Light-sensitive ‘ink’ gives 4-D printing more wiggle room

By mixing technologies, this 4-D printer can create objects that move in new ways


Using new technologies, researchers have 3-D printed a flower whose petals curl when immersed in water. This shows how 3-D printing can be used to print 4-D objects.

H.J. Qi et al.

Unlike their rigid 3-D cousins, 4-D-printed objects can flex. Some can totally reconfigure their shapes. People usually design these to respond to some sort of facet of the environment. They might open or transform when exposed to heat, for instance, or when dropped in water. Until now, however, there were only a few ways they could move.

Scientists at the Georgia Institute of Technology in Atlanta have now developed a novel “ink.” When combined with a new method of printing, it opens up hundreds of new options for movement.

The Georgia Tech team showed it off March 21 at the spring national meeting of the American Chemical Society in New Orleans, La.

Epoxy is a strong and versatile material used in many applications. H. Jerry Qi and his team had been developing an epoxy resin to use in printing. But to harden, Qi notes, the resin has to be exposed to heat for many hours. That’s just too long when each 3-D printed layer must fully harden before the next can be laid down.

Qi, a materials scientist, invented a way around that hurdle. His innovation: Mix the resin with another material that could be cured — turned into a solid — using light. Now each layer can be set with light, then fully hardened later with heat. This two-stage process really sped up the printing rate.

While testing different ways to cure resins with light, Qi’s group also found that the light‘s intensity (how bright it was) could affect how hard a resin became. They could vary the lighting to make some parts of a printed object harder and more rigid, while others stayed soft and flexible. That prompted them to apply this to the printing process. Their goal was to create an object where parts of it might be hard, while other parts were soft enough to serve as movable joints.

And it worked.

Qi showed that he could print objects that would bend and flex in a range of different ways. Some joints were stiffer, others looser.

Still, it needed tweaking. The hardest part of the printed object could be only some 20 times harder than the softest part. While good, that was not good enough for Qi’s group. It wanted to be able to have access to a broader range of stiffness and flexibility while designing an object.

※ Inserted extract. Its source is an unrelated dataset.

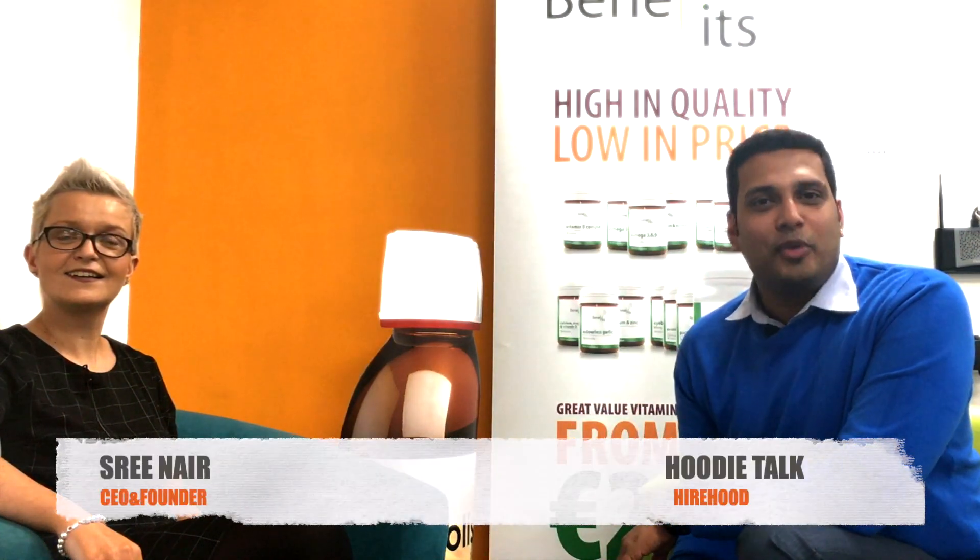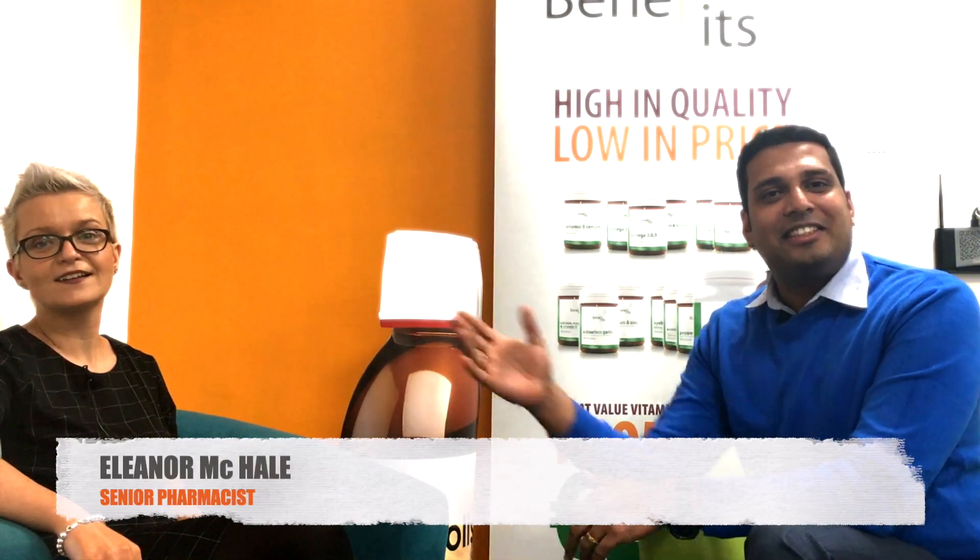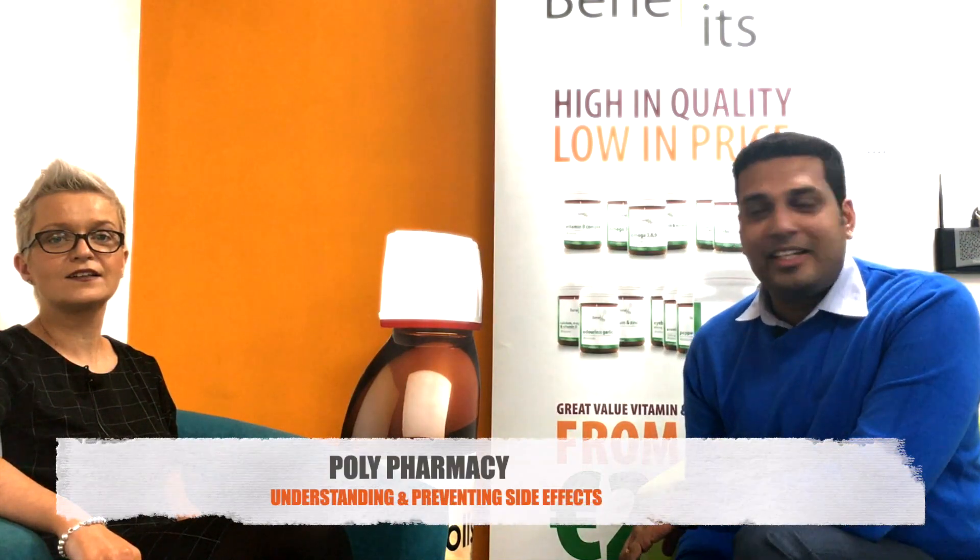Hello everyone, welcome to the second episode of Hoodie Talk. Today in our studio I have a great friend of mine Eleanor McHale, she's a senior pharmacist who lives and works in Ireland. Today in our episode she'll be talking extensively about polypharmacy. Eleanor, thanks for being in our show.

The researchers’ inspiration — or “aha” moment — came when they tried combining their two innovations. By varying the light intensities as their new epoxy resin printed, they were able to get a much greater range of softness. Now, the stiffest part of a printed object can be 600 times harder than its softest part.              

The Georgia Tech team developed the process together with scientists at the Singapore University of Technology.

Printing objects with several materials

Many 3-D printers today can make objects from plastic. Or metal. Or living cells. Even from cheese. But Qi introduced a new 3-D printer at the same meeting that could build objects from a range of different materials at the same time.

A new 3-D-printing process created this novel ribbon. It includes parts that are both stiff and flexible, as well as insulating and electrically conducting.
H. Jerry Qi

One example was a plastic ribbon that has electrical wires running through it. “Each layer you print can have multiple materials,” he explains. This, he says, makes it “a powerful manufacturing tool.”

Consider objects used in electronics. They contain multiple materials that sit side by side, such as the metal wire surrounded by insulating rubber that might be embedded into a plastic structure. Most 3-D printers can now print those different materials only as separate layers. But Qi’s new printer can lay them down, side by side, all within the same layer. Objects that today must be assembled piece by piece in a factory, might one day be printed out as needed, layer after layer.

That’s an important step for 3-D printing, says Geoffrey Spinks. He’s a materials engineer in Australia at the University of Wollongong. Right now, the range of materials that can be printed together is limited, he says. “If you want to have plastic and metal printed together,” he says, “you can’t do that.” But he says that what they have already shown, “in my opinion, is a step toward that goal.”

Qi hopes one day to combine technologies again. He’d like to use the variable-light hardener in a multi-material printer. It would give his new device another unique trait — the ability to print multi-material objects with a wider range of motion.

This is one in a series presenting news on technology and innovation, made possible with generous support from the Lemelson Foundation.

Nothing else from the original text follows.